TASK STATEMENT: Once the line containing "Quán cơm Xuân Nhạn" has been written out, stop; until then, restate each line of the entries below word for word from the first.

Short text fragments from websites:
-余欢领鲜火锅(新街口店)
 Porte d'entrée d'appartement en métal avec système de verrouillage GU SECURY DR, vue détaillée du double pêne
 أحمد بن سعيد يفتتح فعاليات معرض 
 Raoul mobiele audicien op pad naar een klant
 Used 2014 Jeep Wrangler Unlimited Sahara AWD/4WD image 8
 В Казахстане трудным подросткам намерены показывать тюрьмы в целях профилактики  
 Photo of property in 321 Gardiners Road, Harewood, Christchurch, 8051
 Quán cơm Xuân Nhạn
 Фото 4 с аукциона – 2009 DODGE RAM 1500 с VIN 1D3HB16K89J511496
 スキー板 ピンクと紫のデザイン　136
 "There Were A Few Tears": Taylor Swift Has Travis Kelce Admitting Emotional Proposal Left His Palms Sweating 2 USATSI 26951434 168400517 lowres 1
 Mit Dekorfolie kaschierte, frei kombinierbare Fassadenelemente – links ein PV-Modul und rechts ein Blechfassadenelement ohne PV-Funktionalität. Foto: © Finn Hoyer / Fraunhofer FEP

ANSWER BELOW:
-余欢领鲜火锅(新街口店)
 Porte d'entrée d'appartement en métal avec système de verrouillage GU SECURY DR, vue détaillée du double pêne
 أحمد بن سعيد يفتتح فعاليات معرض 
 Raoul mobiele audicien op pad naar een klant
 Used 2014 Jeep Wrangler Unlimited Sahara AWD/4WD image 8
 В Казахстане трудным подросткам намерены показывать тюрьмы в целях профилактики  
 Photo of property in 321 Gardiners Road, Harewood, Christchurch, 8051
 Quán cơm Xuân Nhạn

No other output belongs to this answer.